I’m teaching three sections of rhetoric at a small liberal arts college on the border of Iowa and Illinois. I get up at 6am to be on campus for an 8:30am class. My “turn-the-car-around-freak-out” moment occurs right as I cross the Mississippi and pass the casino, when, since the coffee has yet to kick in and I’m terrified of public speaking, all I want to do is double down.

Education is its own gamble, I suppose. I love working with students. I love elucidating a concept, or provoking an opinion, or prodding a prejudice, or reading Auden’s “Funeral Blues” aloud to them for the first time.

What I don’t love is standing in front of a group. I mean I’m fine once I get past the first few minutes. Then I really get going. Then I can hold court confidently and articulately. But the initial throat clearing, the “Good morning!” introductory bit, never gets any easier.

I played violin from first grade through my senior year in high school. I learned the names of strings by food association. If I could identify the G string, I got a grape. The A, an apple. D was for dougnut. Needless to say, there was a lot of clamoring for songs written in the key of D string. That, or “Hot Cross Buns.” (We also got the occasion bun.)

Unfortunately, the time came to set aside snacks and introduce public performance, aka recital, aka Becca throws up day. I’m a shy person and I don’t know why. It isn’t because I’m an only child, or because I had a speech impediment growing up and pronounced “f” as “th.” Both of these are true (“Are we having thish for dinner? Thuck you!”) but irrelevant.
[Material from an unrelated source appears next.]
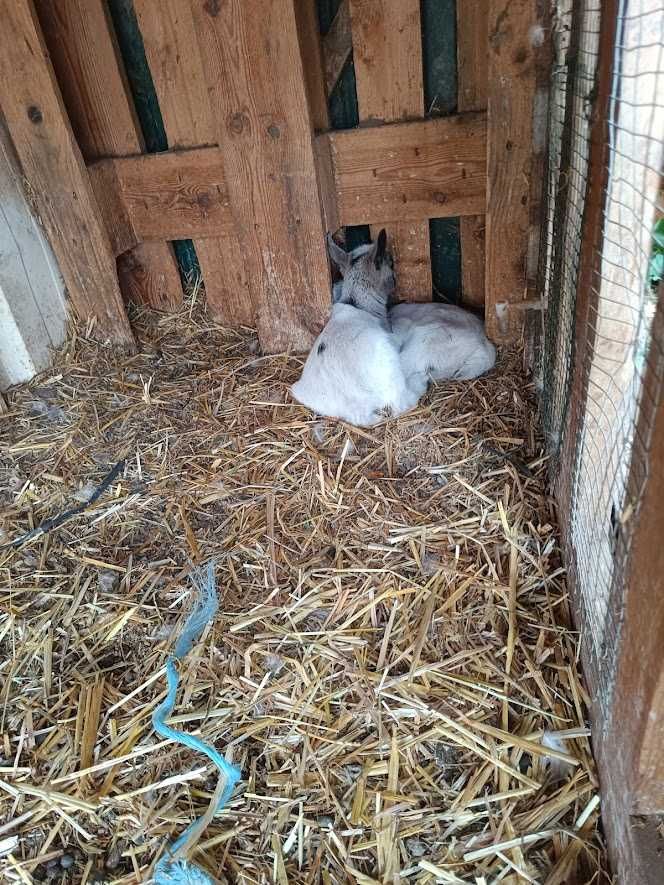 cabras anãs,perus,patos mudos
I got to be good at violin, which only worked to my disadvantage. The good people always performed last. My prowess meant up to an hour of hand-sweating, and knee twitching, and staring at my horse-hair bow in utter horror and disbelief. I would try and do meditation — this was way before I even knew what zen was — and separate the silky hairs with my eyes to somehow tame my heartbeat. Much like combing through sand with a mini rake, it never worked.

Being a nervous violin player is not ideal. If your hand shakes, then your bow shakes. And if your bow shakes, it stands to reason that Bach’s Concerto in E Major will sound like the only extant recording of Tennyson.

It’s confusing, especially as a kid, when you enjoy one element of something and dread another. How can you say, at thirteen, “I’d like to play violin in the basement, maybe lay down some tracks on my tape recorder,” but politely decline the invitation to perform in the anteroom of the school gym? I can still smell the faint trace of chlorine wafting off the pool, see the holes in the gaudy yellow shag carpet where the cellists waited with their endpins.

Yet despite my anxiety, I’m a good teacher. No — I’m a great teacher. I just had a girl sign up for my second period class because her friend said I’m “interesting.” Neither one has any clue that I was practice teaching to the bathroom mirror a minute before. Some anxieties are worth getting over.

My first morning of my first class, I found a pendant on the podium.

It wasn’t planted by Dan or by any of the faculty, but rather lost by a Victoria (so says the engraved back). Simply there: a corky
reminder that New York City is still with me, and that I was supposed to bring it to these kids.